Supreme Court Hears First Major Gun Rights Case in Nearly a Decade
A file photo of a gun. (Scott Olson/Getty Images)
Bill Pan

The Supreme Court on Monday heard arguments in a case over a New York City rule restricting the transportation of licensed handguns. The first major Second Amendment gun control case to reach the high court since 2010.

Brought on by three gun owners who live in New York City and the New York State Rifle and Pistol Association (NYSRPA), the case centers around a regulation that outlawed transporting a handgun from inside the city to outside the city, even if the weapon is licensed, locked, and unloaded. That means licensed handgun owners could not legally carry their guns to a vacation home, shooting ranges, or competition locations outside of the city limits.

In a petition presented to the court (pdf), the NYSRPA calls the NYC law "an extreme, unjustified, and irrational restriction on Second Amendment rights." The plaintiffs argue that the restriction is a violation of the Second Amendment, because the right to keep and bear arms includes the right to transport guns outside of the owner's home.

The plaintiffs first challenged NYC's handgun regulation in 2013. The 2nd U.S. Circuit Court of Appeals, however, ruled in 2018 that the regulation did not violate their Second Amendment rights.
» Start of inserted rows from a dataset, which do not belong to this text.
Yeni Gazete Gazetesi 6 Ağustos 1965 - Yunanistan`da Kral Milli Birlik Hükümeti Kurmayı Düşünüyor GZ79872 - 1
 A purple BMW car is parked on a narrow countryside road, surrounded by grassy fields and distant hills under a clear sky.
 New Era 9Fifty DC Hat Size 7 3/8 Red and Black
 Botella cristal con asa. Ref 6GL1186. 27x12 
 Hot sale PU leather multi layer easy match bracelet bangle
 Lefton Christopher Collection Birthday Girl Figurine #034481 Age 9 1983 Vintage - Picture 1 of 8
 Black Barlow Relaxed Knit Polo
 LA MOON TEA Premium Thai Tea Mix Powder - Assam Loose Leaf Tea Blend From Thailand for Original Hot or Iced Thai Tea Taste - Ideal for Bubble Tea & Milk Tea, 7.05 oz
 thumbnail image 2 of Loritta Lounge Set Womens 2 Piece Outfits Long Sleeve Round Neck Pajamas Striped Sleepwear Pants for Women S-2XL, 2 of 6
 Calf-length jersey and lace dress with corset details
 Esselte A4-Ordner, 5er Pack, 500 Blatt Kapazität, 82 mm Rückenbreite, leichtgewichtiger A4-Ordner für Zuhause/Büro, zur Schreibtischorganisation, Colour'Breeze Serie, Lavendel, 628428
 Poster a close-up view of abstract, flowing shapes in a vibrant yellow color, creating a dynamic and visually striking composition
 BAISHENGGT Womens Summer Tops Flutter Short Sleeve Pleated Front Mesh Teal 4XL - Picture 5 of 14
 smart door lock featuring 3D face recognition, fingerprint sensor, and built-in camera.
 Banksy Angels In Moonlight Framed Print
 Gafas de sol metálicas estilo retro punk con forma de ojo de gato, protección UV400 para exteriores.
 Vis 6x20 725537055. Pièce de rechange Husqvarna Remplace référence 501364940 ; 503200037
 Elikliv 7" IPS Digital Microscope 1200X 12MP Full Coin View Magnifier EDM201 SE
With the retirement of Justice Anthony Kennedy last year, the Supreme Court now has a 5-4 conservative majority. Knowing that a Supreme Court decision against NYC's gun law could adversely affect gun control laws in other states, New York lawmakers took a strategic move to challenge the law before the Monday hearing. The regulations were loosened to allow licensed handguns to be transported "to a home, business, or shooting range outside city limits."

The NYC officials urged the Supreme Court to dismiss the lawsuit all together as the challenge became irrelevant after the laws changed. The argument was welcomed by some Democrat-appointed justices including Ruth Bader Ginsburg and Sonia Sotomayor.

"What you're asking us to do is to take a case in which the other side has thrown in the towel and completely given you every single thing you demanded in your complaint for relief, and you're asking us to opine on a law that's not on the books anymore," Justice Sotomayor said during the plaintiff's opening argument (pdf).

Justice Samuel Alito, however, did not seem to agree that the plaintiffs got exactly what they wanted.

"They wanted a declaration that the old law was unconstitutional, period," said Justice Alito. "And what they have obtained as a result of the new city ordinance and the new state law is a rule that says, yes, you can take the firearm to a firing range outside of New York City, but it must be a direct trip."

A decision from the justices is expected by the end of June 2020.